Il s'agit là d'une mise en garde importante, étant donné que la vision partagée dans cette analyse a illustré la relation d'interdépendance complexe qu'entretient la Russie avec la Chine, l'Inde et d'autres pays, qui eux-mêmes entretiennent également des relations de ce type avec l'Occident, rendant ainsi la Russie et l'Occident indirectement dépendants l'un de l'autre. Dans ces conditions, couper complètement l'Occident de toutes les ressources russes risquerait également de plonger la Chine et l'Inde dans la récession, ce qui provoquerait leur colère et se retournerait contre Moscou.
Cela pourrait également être considéré comme un acte de guerre par l'OTAN et être exploité pour justifier l'escalade de l'implication du bloc dans sa guerre par procuration contre la Russie en Ukraine. Si ces pays pouvaient se passer des ressources russes, ils ne financeraient évidemment pas leur rival géopolitique à ce jour. De même, la Russie n'approvisionnerait pas non plus ses rivaux géopolitiques à ce jour si elle se sentait à l'aise pour gérer les chocs systémiques de grande ampleur provoqués par une rupture totale avec ces derniers.
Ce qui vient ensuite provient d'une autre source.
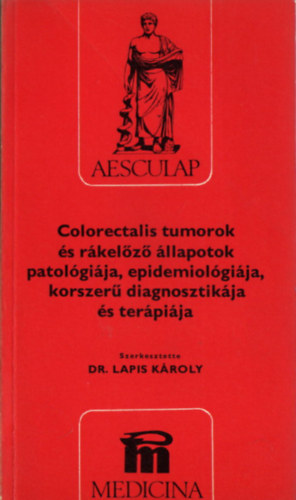 Dr. Lapis Kroly - Colorectalis tumorok s rkelz llapotok patolgija, epidemiolgija, korszer diagnosztikja s terpija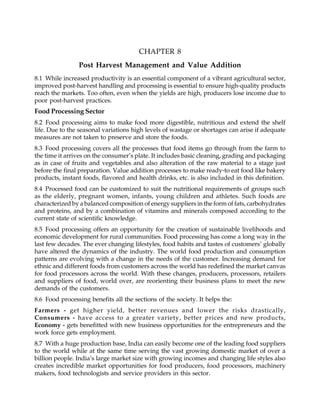 CHAPTER 8
Post Harvest Management and Value Addition
8.1 While increased productivity is an essential component of a vibrant agricultural sector,
improved post-harvest handling and processing is essential to ensure high-quality products
reach the markets. Too often, even when the yields are high, producers lose income due to
poor post-harvest practices.
Food Processing Sector
8.2 Food processing aims to make food more digestible, nutritious and extend the shelf
life. Due to the seasonal variations high levels of wastage or shortages can arise if adequate
measures are not taken to preserve and store the foods.
8.3 Food processing covers all the processes that food items go through from the farm to
the time it arrives on the consumer’s plate. It includes basic cleaning, grading and packaging
as in case of fruits and vegetables and also alteration of the raw material to a stage just
before the final preparation. Value addition processes to make ready-to eat food like bakery
products, instant foods, flavored and health drinks, etc. is also included in this definition.
8.4 Processed food can be customized to suit the nutritional requirements of groups such
as the elderly, pregnant women, infants, young children and athletes. Such foods are
characterized by a balanced composition of energy suppliers in the form of fats, carbohydrates
and proteins, and by a combination of vitamins and minerals composed according to the
current state of scientific knowledge.
8.5 Food processing offers an opportunity for the creation of sustainable livelihoods and
economic development for rural communities. Food processing has come a long way in the
last few decades. The ever changing lifestyles, food habits and tastes of customers’ globally
have altered the dynamics of the industry. The world food production and consumption
patterns are evolving with a change in the needs of the customer. Increasing demand for
ethnic and different foods from customers across the world has redefined the market canvas
for food processors across the world. With these changes, producers, processors, retailers
and suppliers of food, world over, are reorienting their business plans to meet the new
demands of the customers.
8.6 Food processing benefits all the sections of the society. It helps the:
Farmers - get higher yield, better revenues and lower the risks drastically,
Consumers - have access to a greater variety, better prices and new products,
Economy - gets benefitted with new business opportunities for the entrepreneurs and the
work force gets employment.
8.7 With a huge production base, India can easily become one of the leading food suppliers
to the world while at the same time serving the vast growing domestic market of over a
billion people. India’s large market size with growing incomes and changing life styles also
creates incredible market opportunities for food producers, food processors, machinery
makers, food technologists and service providers in this sector.
 
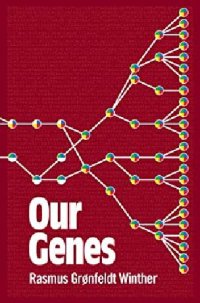 cover of the book Our Genes: A Philosophical Perspective on Human Evolutionary Genomics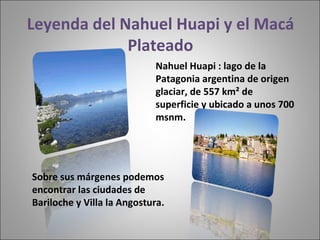 Leyenda del Nahuel Huapi y el Macá Plateado Sobre sus márgenes podemos encontrar las ciudades de Bariloche y Villa la Angostura.  Nahuel Huapi : lago de la Patagonia argentina de origen glaciar, de 557 km² de superficie y ubicado a unos 700 msnm.  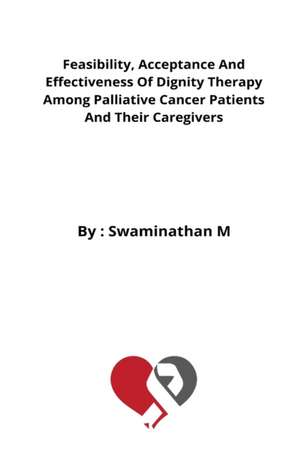 Feasibility, Acceptance And Effectiveness Of Dignity Therapy Among Palliative Cancer Patients And Their Caregivers de Saranya Hb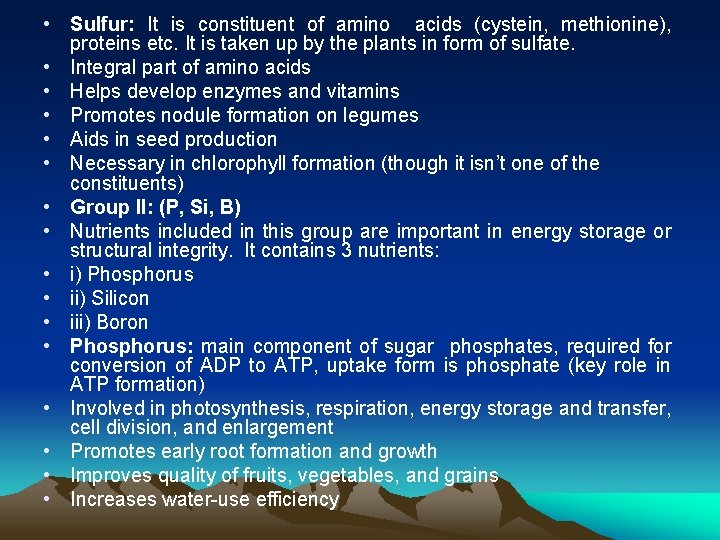  • Sulfur: It is constituent of amino acids (cystein, methionine), proteins etc. It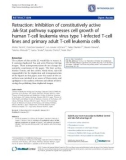 Báo cáo y học: Retraction: Inhibition of constitutively active Jak-Stat pathway suppresses cell growth of human T-cell leukemia virus type 1-infected T-cell lines and primary adult T-cell leukemia cells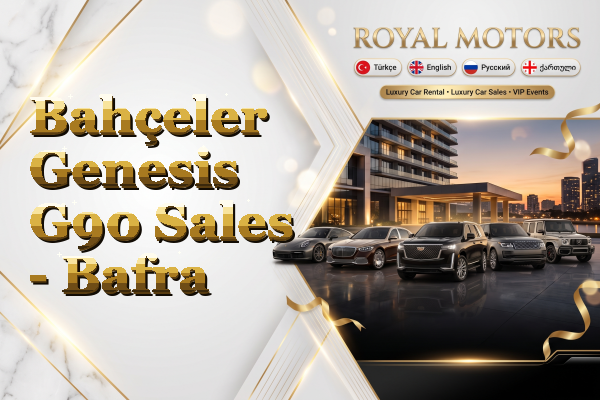 Bahçeler Genesis G90 Sales - Bafra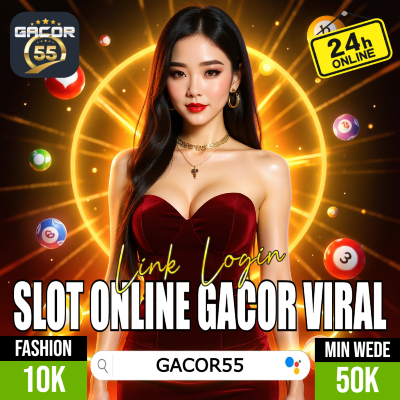 GACOR55 # Link Login Gacor 55 Viral Online & Slot Gacor Vip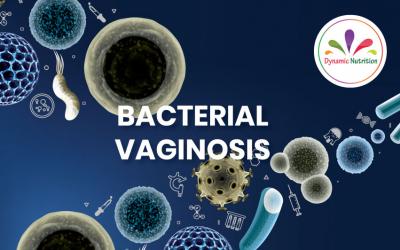 Bacterial Vaginosis – Tips for Prevention and Treatment
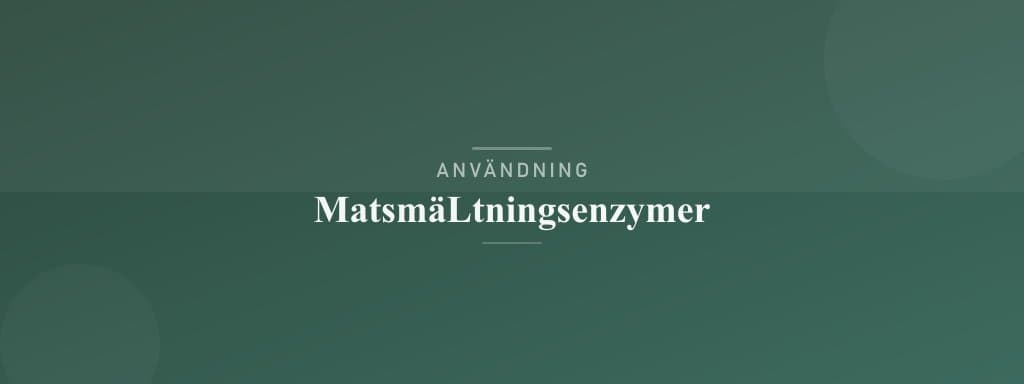 Användning matsmältningsenzymer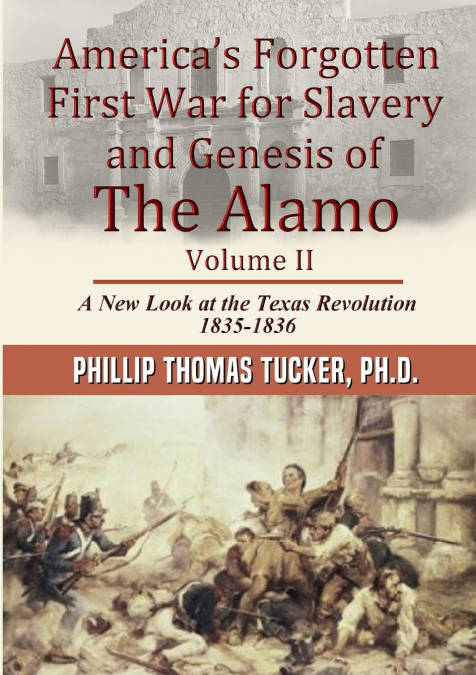 AmericaÕs Forgotten First War for Slavery and Genesis of The Alamo Volume II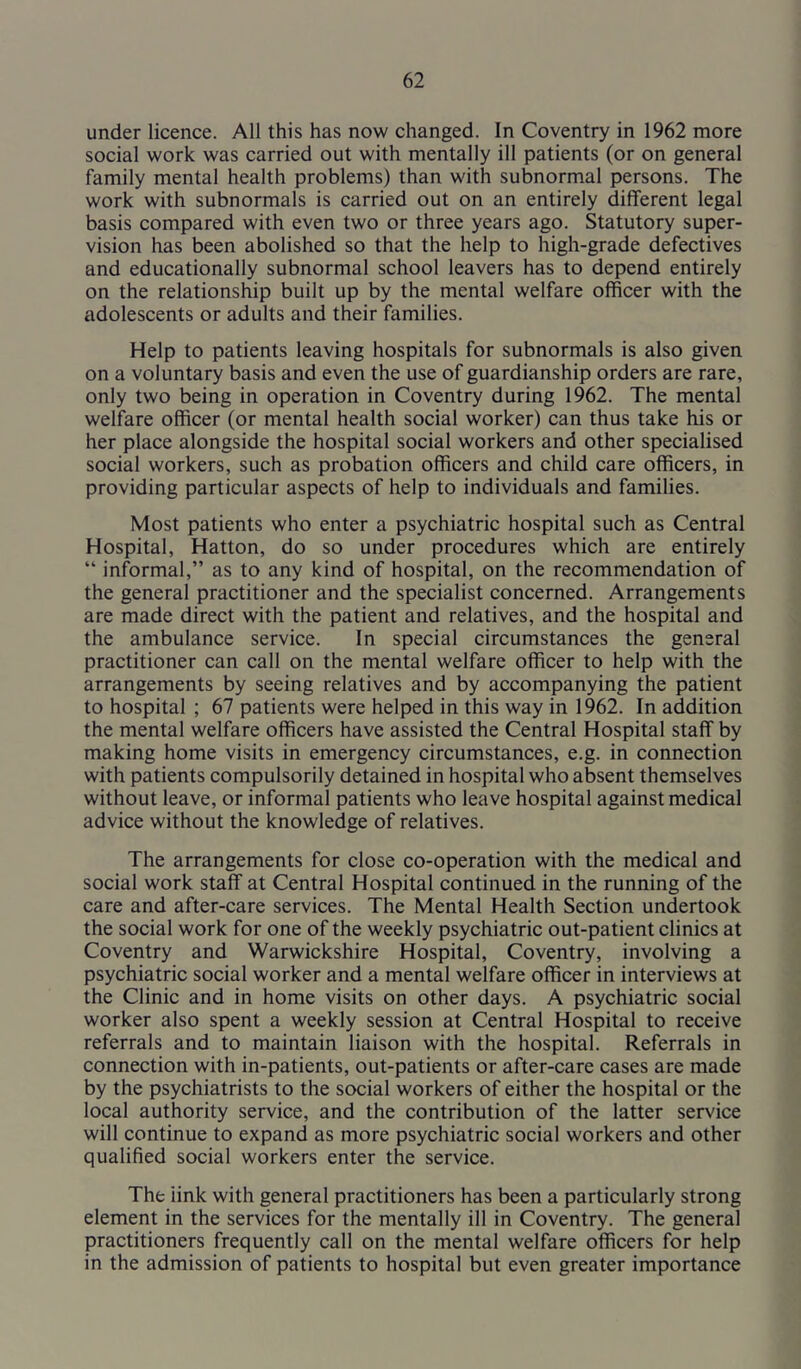 under licence. All this has now changed. In Coventry in 1962 more social work was carried out with mentally ill patients (or on general family mental health problems) than with subnormal persons. The work with subnormals is carried out on an entirely different legal basis compared with even two or three years ago. Statutory super- vision has been abolished so that the help to high-grade defectives and educationally subnormal school leavers has to depend entirely on the relationship built up by the mental welfare officer with the adolescents or adults and their families. Help to patients leaving hospitals for subnormals is also given on a voluntary basis and even the use of guardianship orders are rare, only two being in operation in Coventry during 1962. The mental welfare officer (or mental health social worker) can thus take his or her place alongside the hospital social workers and other specialised social workers, such as probation officers and child care officers, in providing particular aspects of help to individuals and families. Most patients who enter a psychiatric hospital such as Central Hospital, Hatton, do so under procedures which are entirely “ informal,” as to any kind of hospital, on the recommendation of the general practitioner and the specialist concerned. Arrangements are made direct with the patient and relatives, and the hospital and the ambulance service. In special circumstances the general practitioner can call on the mental welfare officer to help with the arrangements by seeing relatives and by accompanying the patient to hospital ; 67 patients were helped in this way in 1962. In addition the mental welfare officers have assisted the Central Hospital staff by making home visits in emergency circumstances, e.g. in connection with patients compulsorily detained in hospital who absent themselves without leave, or informal patients who leave hospital against medical advice without the knowledge of relatives. The arrangements for close co-operation with the medical and social work staff at Central Hospital continued in the running of the care and after-care services. The Mental Health Section undertook the social work for one of the weekly psychiatric out-patient clinics at Coventry and Warwickshire Hospital, Coventry, involving a psychiatric social worker and a mental welfare officer in interviews at the Clinic and in home visits on other days. A psychiatric social worker also spent a weekly session at Central Hospital to receive referrals and to maintain liaison with the hospital. Referrals in connection with in-patients, out-patients or after-care cases are made by the psychiatrists to the social workers of either the hospital or the local authority service, and the contribution of the latter service will continue to expand as more psychiatric social workers and other qualified social workers enter the service. The link with general practitioners has been a particularly strong element in the services for the mentally ill in Coventry. The general practitioners frequently call on the mental welfare officers for help in the admission of patients to hospital but even greater importance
Tout ceci nous ramène à la raison pour laquelle la Russie se réengage auprès du FMI, à savoir jouer un rôle dans la réforme progressive de cet organisme mondial aux côtés de la Chine, de l'Inde et d'autres pays, afin de faire progresser leur objectif commun d'accélération des processus de multipolarité financière. Le FMI a salué l'expansion des BRICS précisément parce que tous les membres, à l'exception de la Russie et de l'Iran, sont dans des relations directes d'interdépendance économique et financière complexe avec l'Occident, ce qui permet à chacun de garder l'autre sous contrôle dans une certaine mesure.
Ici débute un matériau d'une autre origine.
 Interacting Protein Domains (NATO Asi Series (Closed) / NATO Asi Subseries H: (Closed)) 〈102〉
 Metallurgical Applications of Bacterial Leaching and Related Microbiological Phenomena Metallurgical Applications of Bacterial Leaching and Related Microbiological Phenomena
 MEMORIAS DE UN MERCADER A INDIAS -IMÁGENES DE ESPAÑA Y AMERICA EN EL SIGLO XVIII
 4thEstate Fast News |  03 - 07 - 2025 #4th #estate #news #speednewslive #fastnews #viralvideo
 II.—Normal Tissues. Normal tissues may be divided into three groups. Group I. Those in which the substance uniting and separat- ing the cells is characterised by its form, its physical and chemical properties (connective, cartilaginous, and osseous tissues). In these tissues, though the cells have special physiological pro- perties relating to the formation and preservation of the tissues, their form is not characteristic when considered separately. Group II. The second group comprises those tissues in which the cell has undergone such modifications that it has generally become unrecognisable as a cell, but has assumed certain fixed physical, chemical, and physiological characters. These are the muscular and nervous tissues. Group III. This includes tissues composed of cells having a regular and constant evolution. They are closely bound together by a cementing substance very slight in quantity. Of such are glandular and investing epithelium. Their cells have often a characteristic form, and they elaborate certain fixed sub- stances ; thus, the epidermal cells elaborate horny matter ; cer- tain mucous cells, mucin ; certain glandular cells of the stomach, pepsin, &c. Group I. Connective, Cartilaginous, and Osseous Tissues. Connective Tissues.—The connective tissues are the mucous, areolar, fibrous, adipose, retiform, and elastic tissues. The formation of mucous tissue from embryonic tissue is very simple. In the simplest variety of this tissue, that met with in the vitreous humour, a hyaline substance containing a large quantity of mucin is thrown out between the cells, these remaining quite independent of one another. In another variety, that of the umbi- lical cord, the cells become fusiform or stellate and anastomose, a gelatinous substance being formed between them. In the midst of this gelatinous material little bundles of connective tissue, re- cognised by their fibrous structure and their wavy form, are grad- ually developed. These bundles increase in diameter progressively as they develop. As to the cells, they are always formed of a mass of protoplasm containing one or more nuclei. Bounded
L'adhésion au FMI et l'interdépendance susmentionnée avec l'Occident qu'elle entraîne entravent le rythme des plans de multipolarité financière des BRICS, tandis que les BRICS travaillent au sein du FMI pour continuer à faire avancer ces programmes dans la direction souhaitée. À l'exception de la Russie et de l'Iran, les BRICS entretiennent donc une relation symbiotique avec le FMI, ce qui dissuade la Russie de catalyser une série de chocs systémiques soudains contre l'Occident en interrompant ses ventes de ressources (minerais essentiels et énergie).